Visualizing success

Isis has progressed in her training to the point that she can be in a class with other dogs. I’m so proud of her and she’s doing really well. She hasn’t been around other dogs in about a year. Especially other reactive dogs and while on leash. Other dogs are working at a more “advanced” level, but Isis doesn’t seem to be too far behind.

We’re having people over tonight and for the first time since, oh, Dec. 2006, I’m not worried about how she’s going to act when they walk through the front door. We’ve got a pretty good routine where she barks like crazy at the knock on the door (we’ve taped over the doorbell so we don’t use that). I tell her to go to her bed, she lies on it, sometimes lets out a few extra barks, but mostly sits eagerly while the guest enters until I tell her to go say hi.
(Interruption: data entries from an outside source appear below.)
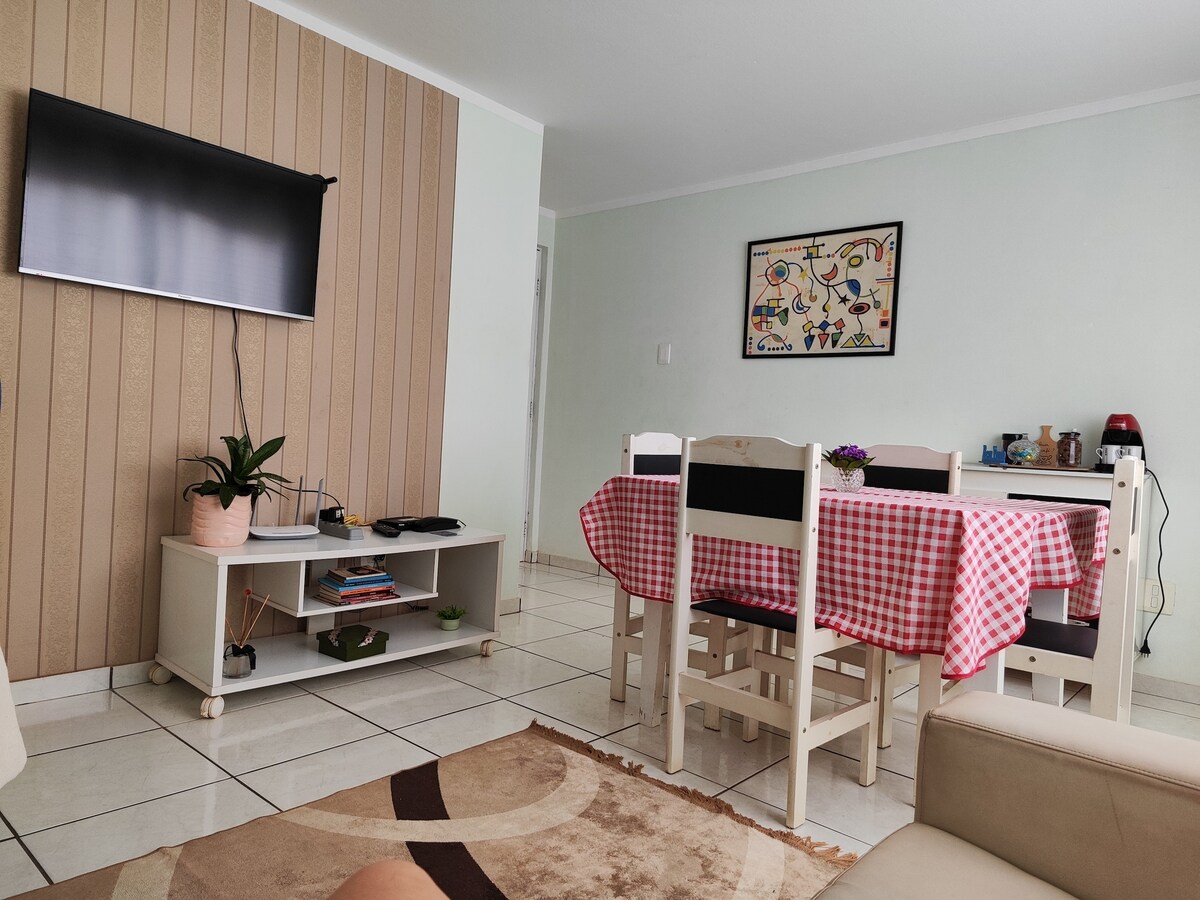 A dining area is presented with a checkered tablecloth covering a rectangular table surrounded by white chairs. A television is mounted on the wall opposite the seating area. A plant is situated on a side table, adding a touch of greenery to the space.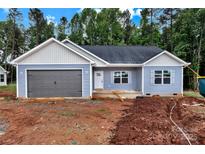 Charming single-story home featuring a gray garage door, light blue vinyl siding, and a well-manicured lawn at 6155 Long Branch Rd, Salisbury, NC 28147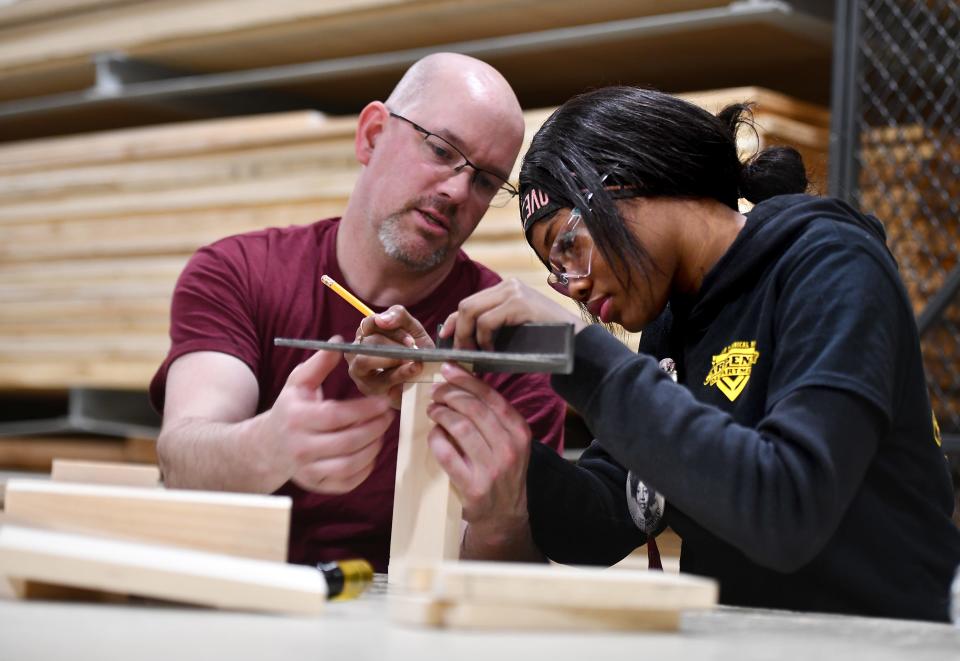 Freshman Denazha Buchanan of Worcester is taught to make a joint box by carpentry teacher Mike Cormier at Worcester Technical High School.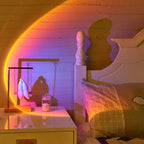 Room interior with a bed and nightstand, illuminated by a rainbow light effect.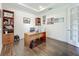 Comfortable home office featuring dark hardwood floors, built-in bookshelves, and natural light at 14001 Jomatt Loop, Winter Garden, FL 34787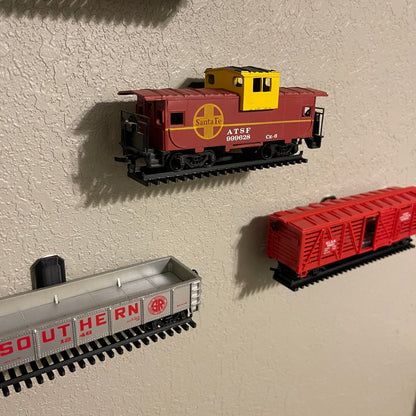 HO-scale train display shelf featuring colorful model train cars mounted on the wall.
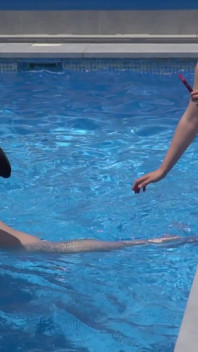 Lesbian Girls Are Having Fun in a Pool with an Inflatable Shark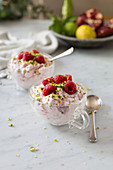 Eton Mess with raspberries and pistachio nuts served in glass cups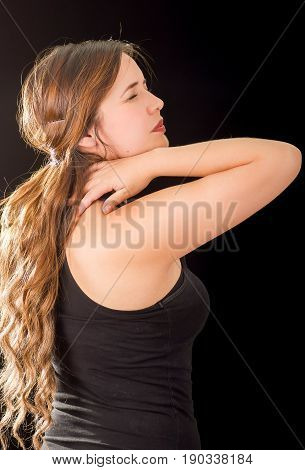 Beautiful young lady Suffer crick after workout in a black background.
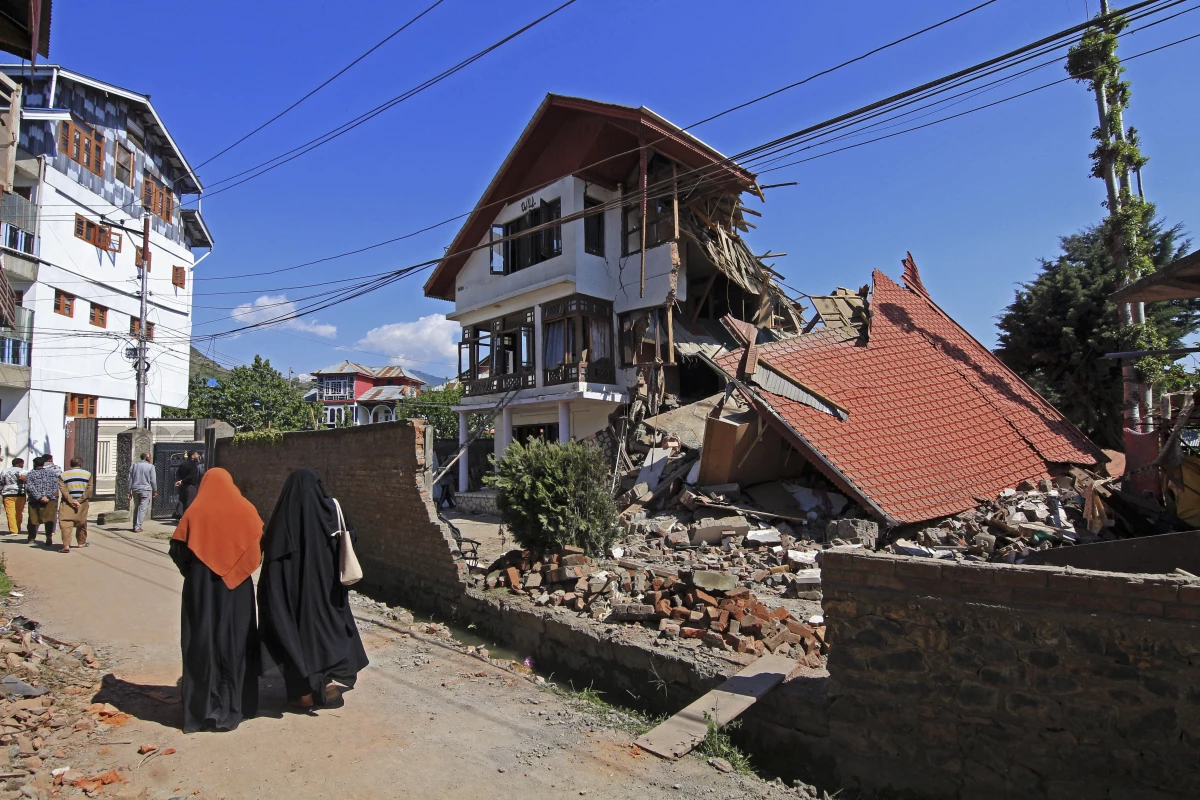 Women walk past a damaged house in Bandipora, India, on April 27. Following the April 22 attack that killed at least 26 people, India ordered Pakistani nationals to leave the country and Indian security forces demolished houses linked to active militants across Kashmir, according to officials.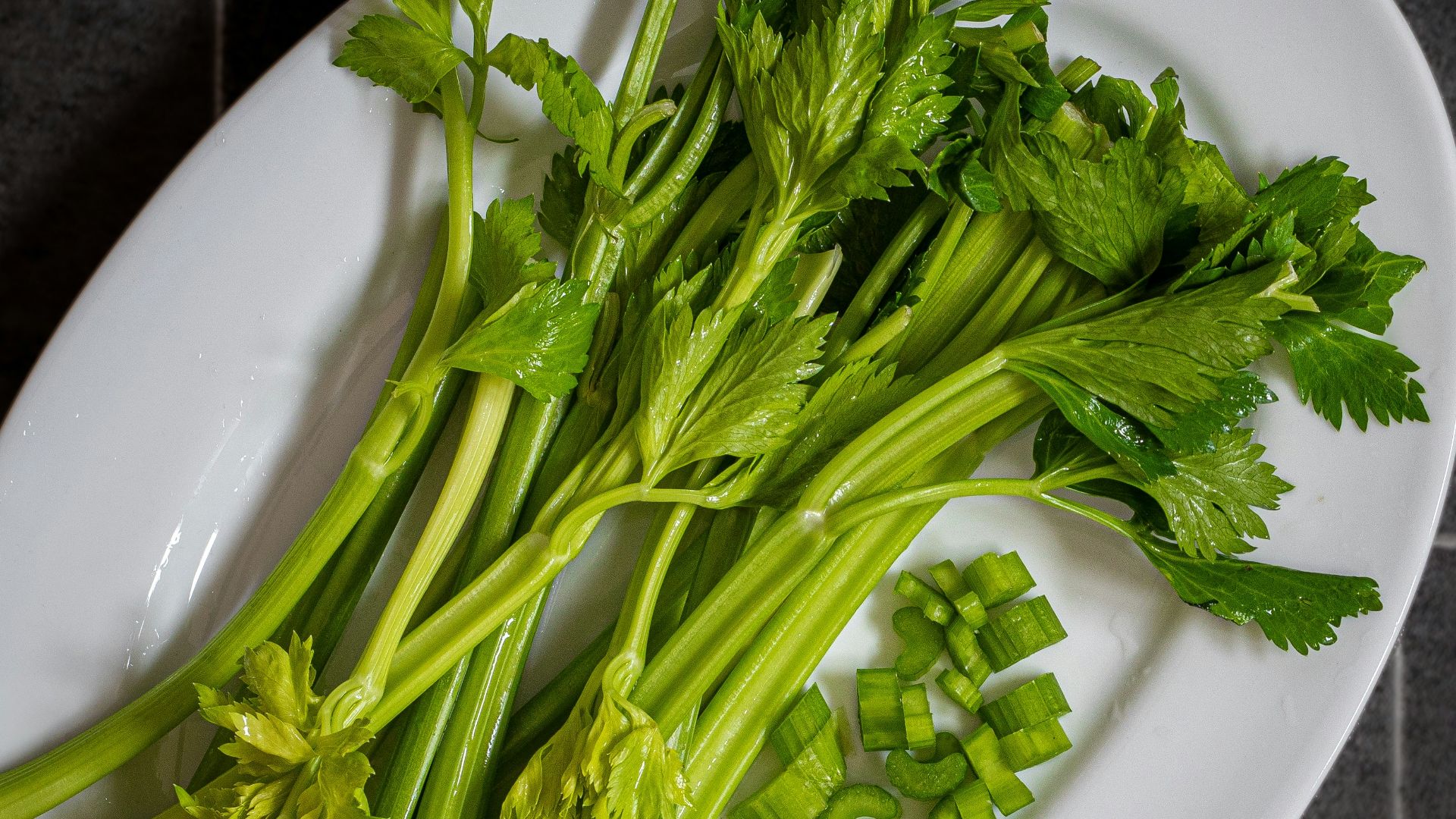 a white plate topped with green leafy vegetables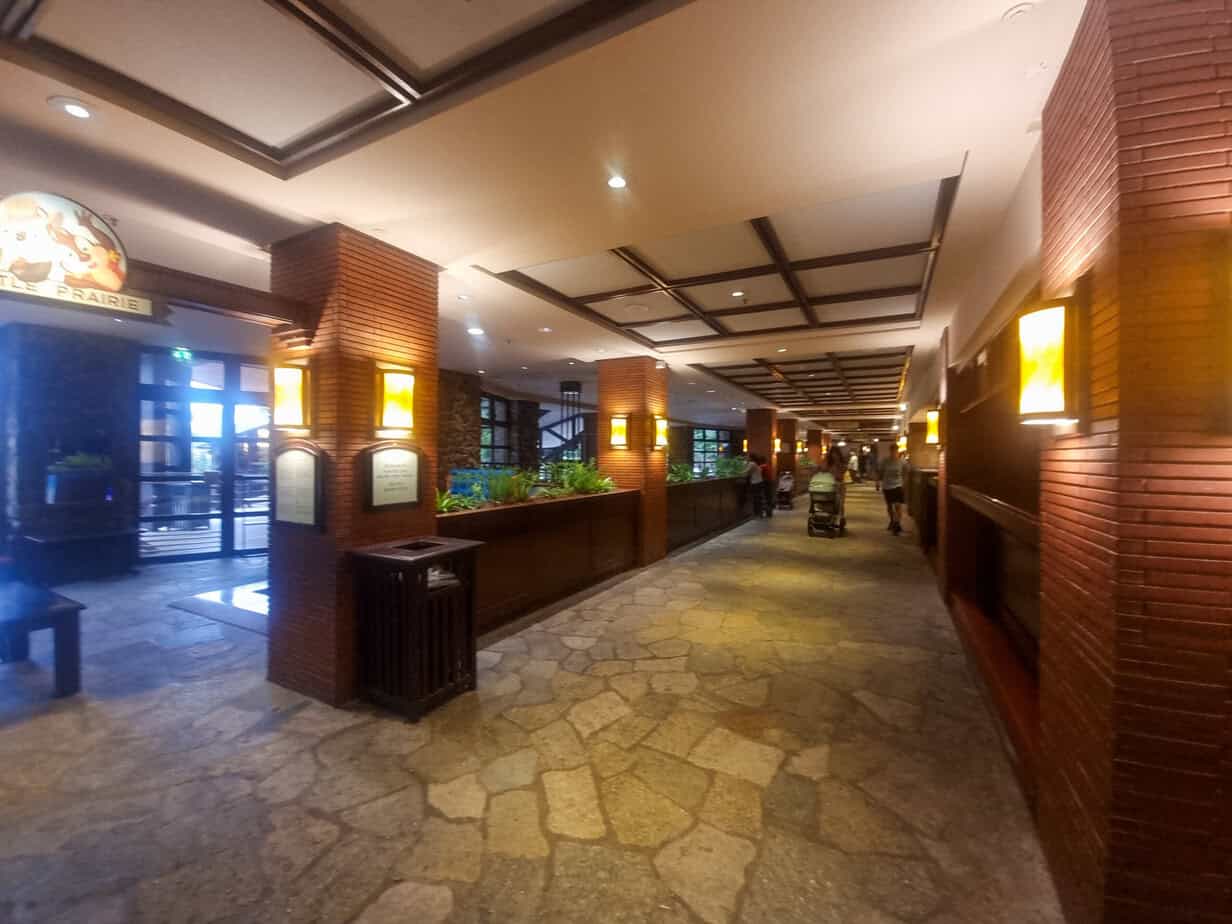 Interior corridor at Disney’s Sequoia Lodge with stone flooring, warm wood paneling, and ambient lighting, leading to restaurants and other guest amenities.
We first started practicing this with Rob’s parents, but then I started to worry that she thought going to her bed meant Grandma and Grandpa were coming, and what was she going to do when a total stranger turned up.

The first time that happened, she started to bark and get up, I panicked, shoved our friend out the door and put Isis in the backyard. But since then, if she barks, I get in between her and the guest and she usually backs down. She’s not perfect, she still gets up several times, and has to be told to lie down again. But she doesn’t act aggressively toward the visitor, and that is the key ingredient.

Each of the people coming tonight has been in the house before, so I’m confident.

Last night I had a dream that we had Isis off lead at a park and a bunch of off-lead dogs ran up to her. A couple of the dogs actually had leashes on, but no owner on the other side of them. I called for Rob to get between Isis and the other dogs and I guided her by her collar back to the car, treating her all the way. In the dream, she did not bark at the other dogs.

It’s like my “Next year in Jerusalem.”